Replacing the Default Task Manager at the User Level

Posted by Randy Cook on Apr 17, 2014 3:24:56 PM

Introduction

The task to be done today is to replace the regular Task Manager with a third party task manager like TSTaskman (http://www.ctrl-alt-del.com.au/files/TSTaskman.txt) or Process Explorer (http://technet.microsoft.com/en-us/sysinternals/bb896653.aspx).

Using FSLogix Apps there are several ways this can be done:

  1. Use File Redirection.
  2. Use Registry Value Hiding.
  3. Use Registry Value Redirection.

We’ve created a video that shows one of these methods. You can see it here: http://youtu.be/plCBOjDTfUg

Let’s take a look at these three methods and see how they work.

File Redirection

FSLogix Apps has the ability to redirect any file operation from one file (or directory) to another.  We can use this to redirect from taskmgr.exe to any other executable.

In the RuleEditor create a new Rule Set and add two File Redirect Rules:

  1. Redirect C:\Windows\System32\taskmgr.exe -> C:\Program Files(x86)\TSTaskman\TSTaskman.exe
  2. Redirect C:\Windows\SysWOW64\taskmgr.exe -> C:\Program Files(x86)\TSTaskman\TSTaskman.exe

task_manager_1

This will cause the redirection to happen. Look at the “Assigning the Policy to Users/Groups” section to see how to specify which users this RuleSet should apply to.

Registry Value Hiding

Microsoft’s Process Explorer can register itself as a Task Manager replacement.  It does this by specifying itself as the “debugger” for the taskmgr.exe application. We’ll use this registry trick to register TSTaskman as the Task Manager replacement, and then control whether or not a user gets the normal Task Manager by hiding the key (if the key is not present, the normal Task Manager is launched).

First, create a “Debugger” value in the registry under HKLM\Software\Microsoft\Windows NT\CurrentVersion\Image File Execution Options\taskmgr.exe and specify for the value’s data the path the new executable:

 task_manager_2

Then in the RuleEditor create a Registry Value Hiding Rule that hides the taskmgr.exe key (or just the “Debugger” value):

task_manager_3

Now users that have this RuleSet applied will use the normal Task Manager while those users that this does not apply to will use TSTaskman.  See the “Assigning the Policy to Users/Groups” section to see how to specify which users this RuleSet should apply to.

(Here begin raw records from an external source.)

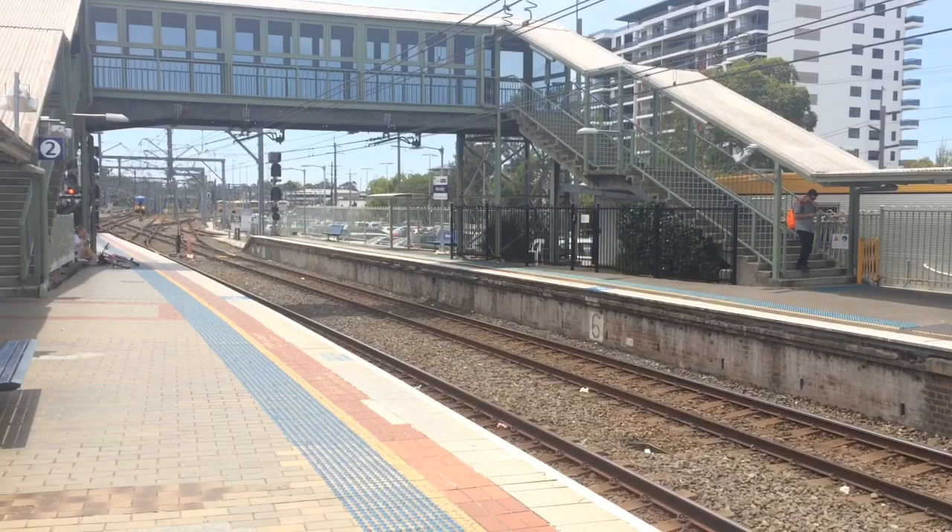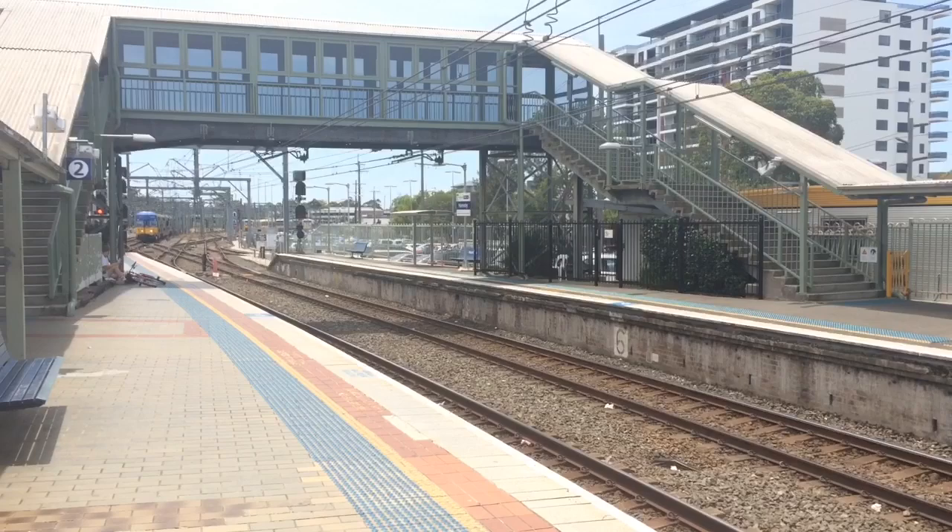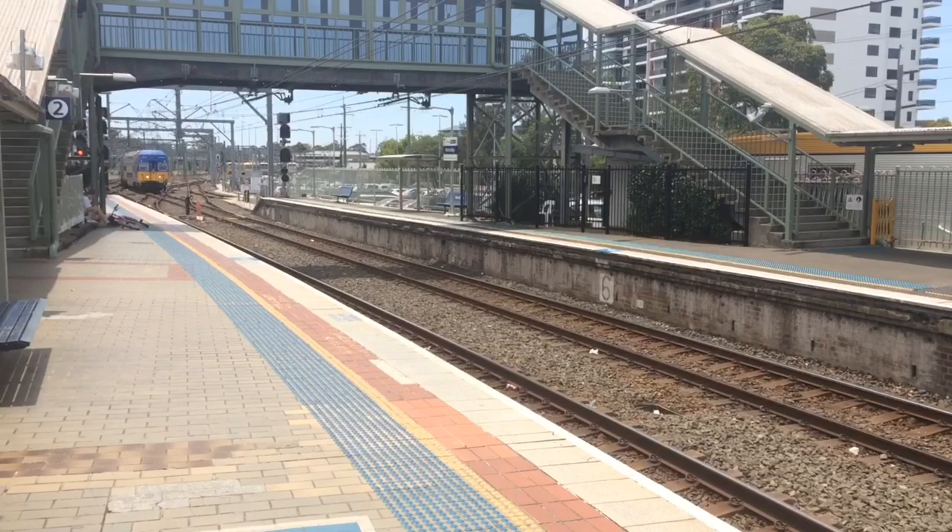Hey guys, Phil here from STV Sydney Trains Vlogs. About to pass platform number one — we have the ATP and DTRS test Y-sets. The sets are Y1 and Y2 in that order.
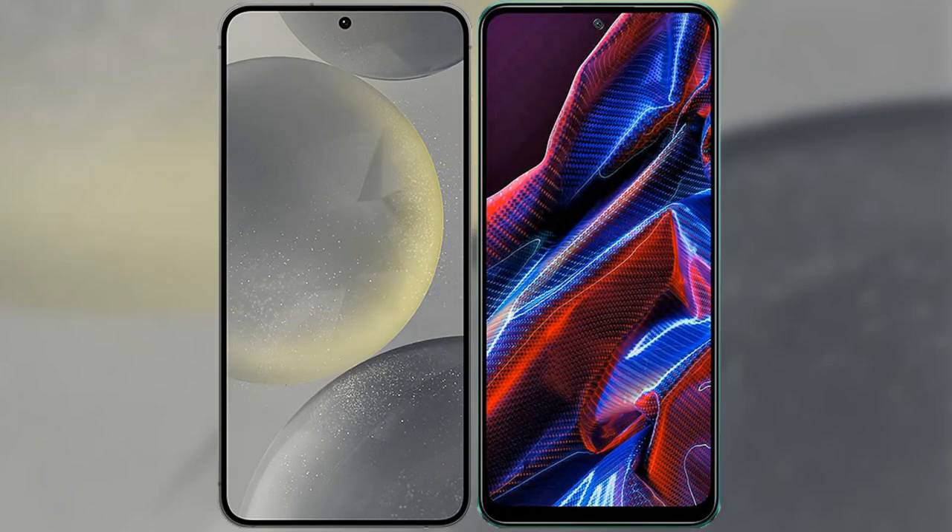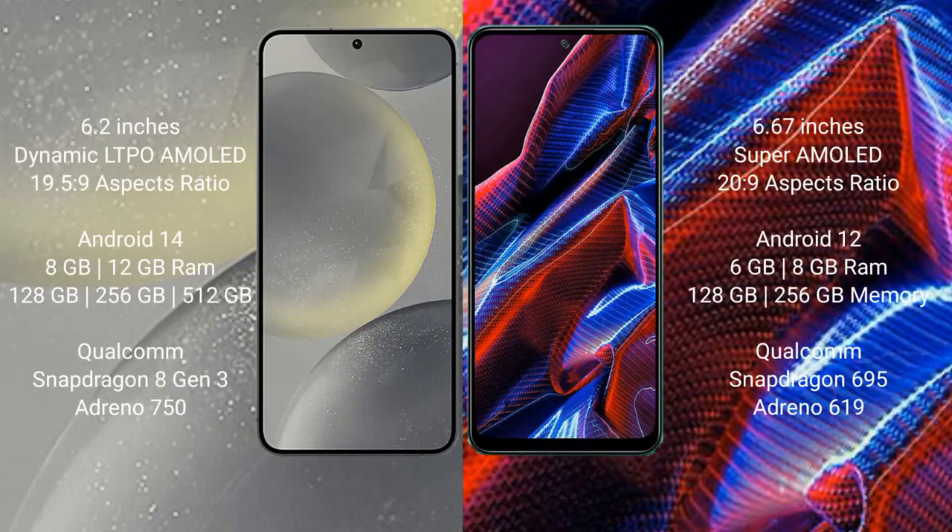I will compare the new Samsung Galaxy S24 with Xiaomi Poco X5. Samsung Galaxy S24 comes with a 6.2 inches dynamic LTPO AMOLED display and aspect ratio 19.5:9. Xiaomi Poco X5 comes with a 6.67 inches super AMOLED display and aspect ratio 20:9.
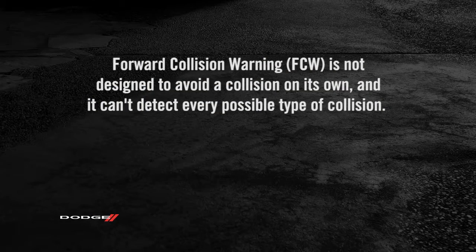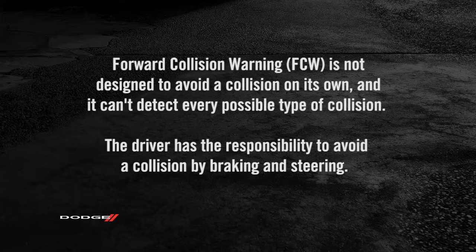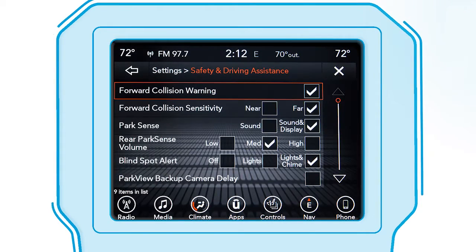Remember, FCW is not designed to avoid a collision on its own, and it can't detect every possible type of collision. The driver has the responsibility to avoid a collision by braking and steering. You can turn the system on or off using your touchscreen.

Registry Value Redirection

The last way we’ll look at solving this problem will be using Registry Value redirection.  FSLogix Apps can simply redirect accesses targeted at a registry value to another value.

First, create some alternate values (can be in different keys if desired) that contain the data we want presented.

task_manager_4

Now create a RuleSet and create a Redirect Rule like this:

task_manager_5

See the “Assigning the Policy to Users/Groups” section to see how to specify which users this RuleSet should apply to.

Assigning the Policy to Users/Groups

This RuleSet can be applied to users, groups, processes (applications), network locations (IP address), computer objects, and Active Directory containers.

In the RuleEditor, choose File | Manage Assignments. This will bring up the “Assignments” dialog.  Click the “Add” button to specify any of these objects:

task_manage4_6

Summary

In this article we’ve covered a few different ways that FSLogix Apps can be used to do something that I don’t know of any other way to do, control what application users get when they start Task Manager.